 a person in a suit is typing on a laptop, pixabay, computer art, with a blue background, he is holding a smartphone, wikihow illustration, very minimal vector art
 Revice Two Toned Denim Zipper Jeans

----------

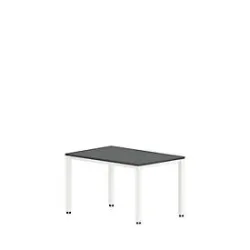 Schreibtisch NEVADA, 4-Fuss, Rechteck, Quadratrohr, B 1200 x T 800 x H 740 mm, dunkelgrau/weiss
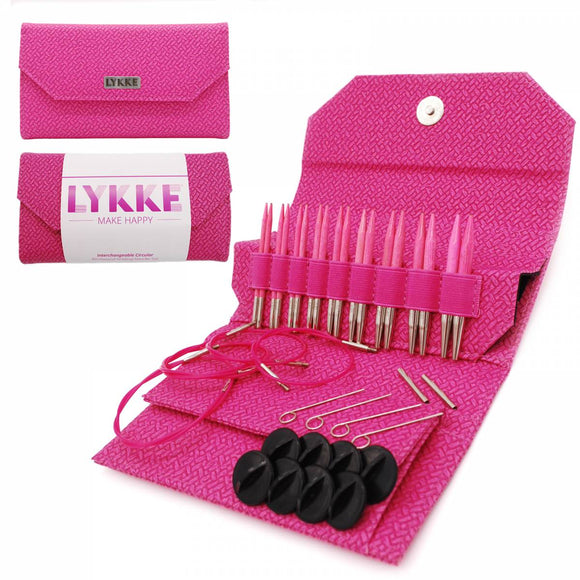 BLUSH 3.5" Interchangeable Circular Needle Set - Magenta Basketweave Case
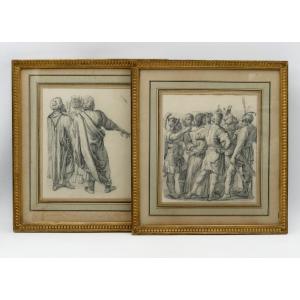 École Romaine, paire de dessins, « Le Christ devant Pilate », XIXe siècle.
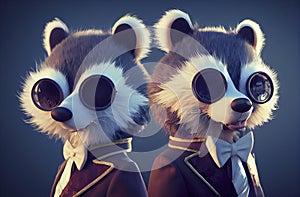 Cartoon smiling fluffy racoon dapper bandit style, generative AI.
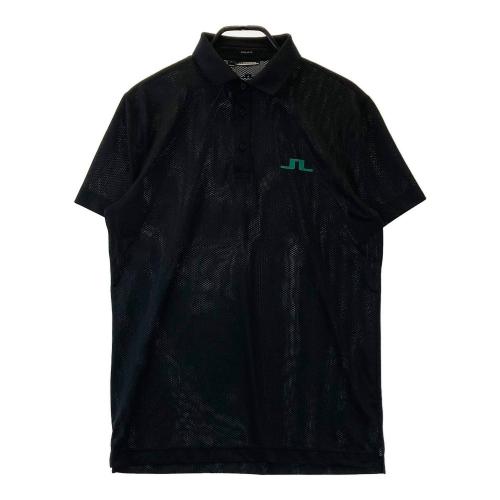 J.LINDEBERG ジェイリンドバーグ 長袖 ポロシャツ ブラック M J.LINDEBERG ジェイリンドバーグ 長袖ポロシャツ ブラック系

----------

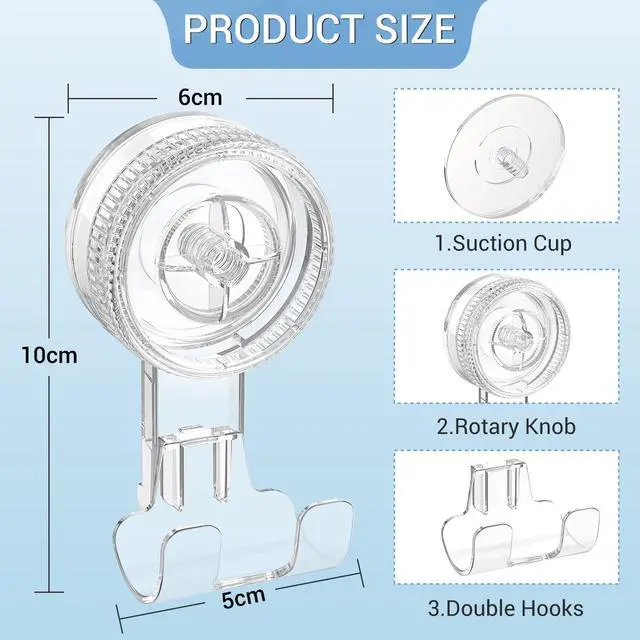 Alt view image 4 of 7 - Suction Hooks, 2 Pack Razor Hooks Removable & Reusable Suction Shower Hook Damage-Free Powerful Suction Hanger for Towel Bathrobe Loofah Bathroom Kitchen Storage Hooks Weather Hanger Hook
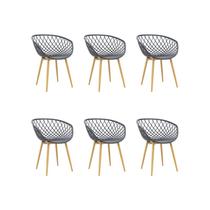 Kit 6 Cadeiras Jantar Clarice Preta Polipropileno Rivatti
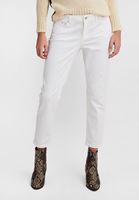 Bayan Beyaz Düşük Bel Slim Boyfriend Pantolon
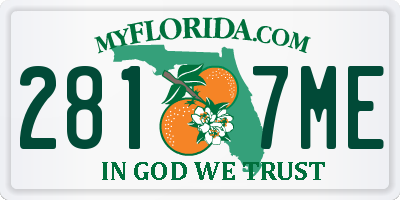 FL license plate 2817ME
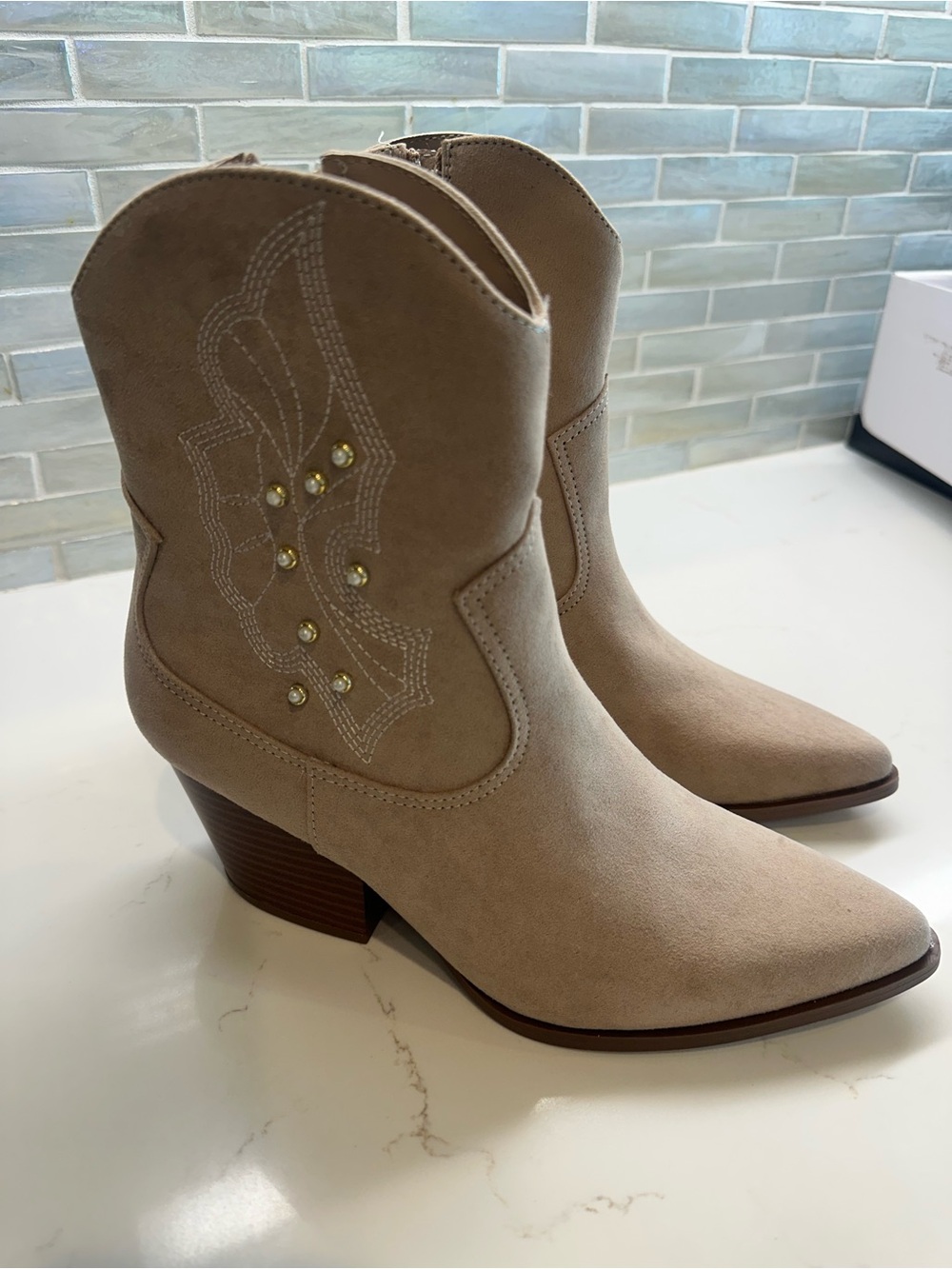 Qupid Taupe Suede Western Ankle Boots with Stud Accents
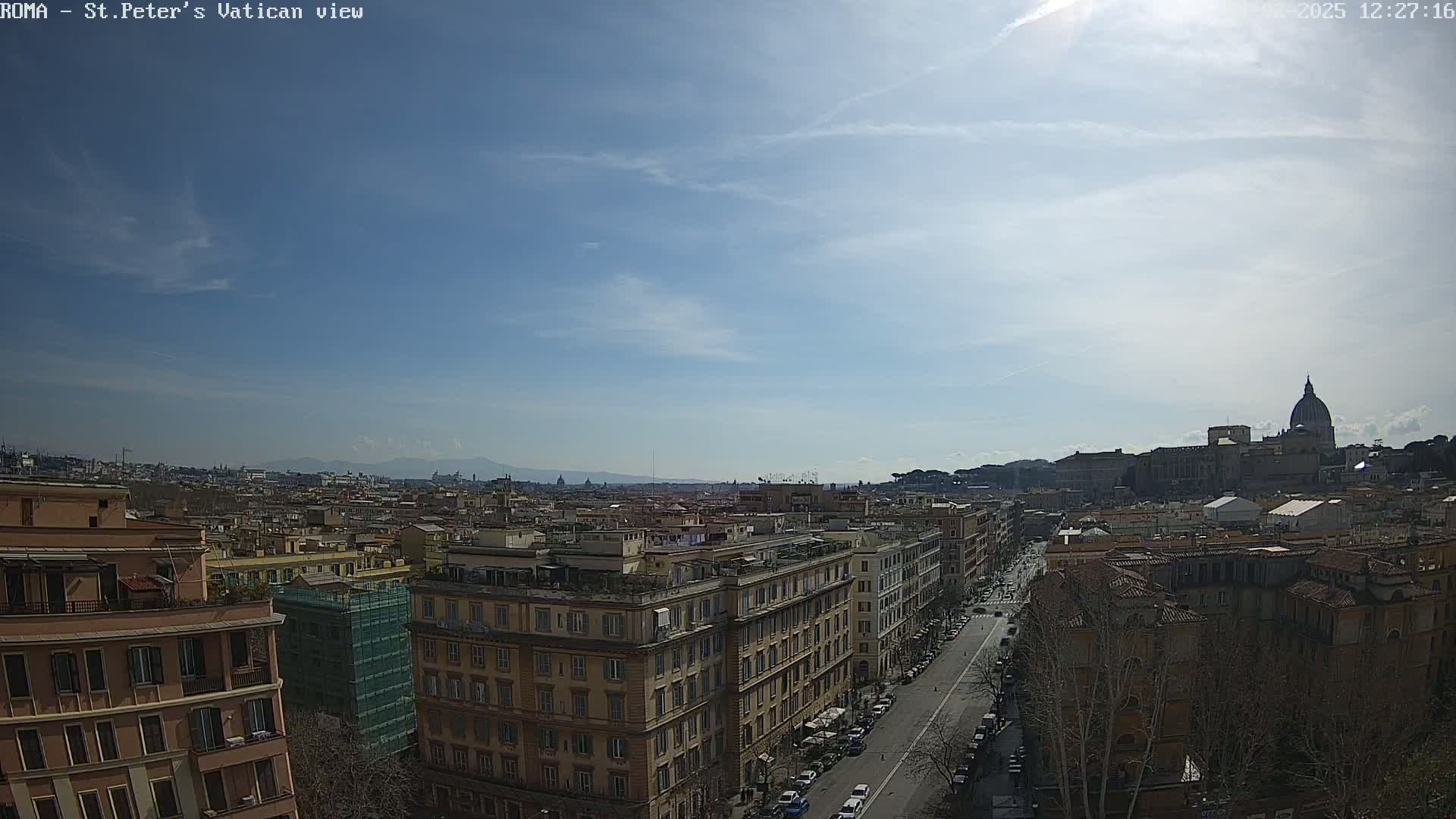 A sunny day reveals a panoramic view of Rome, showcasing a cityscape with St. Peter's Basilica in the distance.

----------

-- Required action --
From the records above, retype only the lines starting at the line that contains "a person in" and ending at the line that contains "Revice Two Toned Denim Zipper Jeans", both included.

-- Written solution --
 a person in a suit is typing on a laptop, pixabay, computer art, with a blue background, he is holding a smartphone, wikihow illustration, very minimal vector art
 Revice Two Toned Denim Zipper Jeans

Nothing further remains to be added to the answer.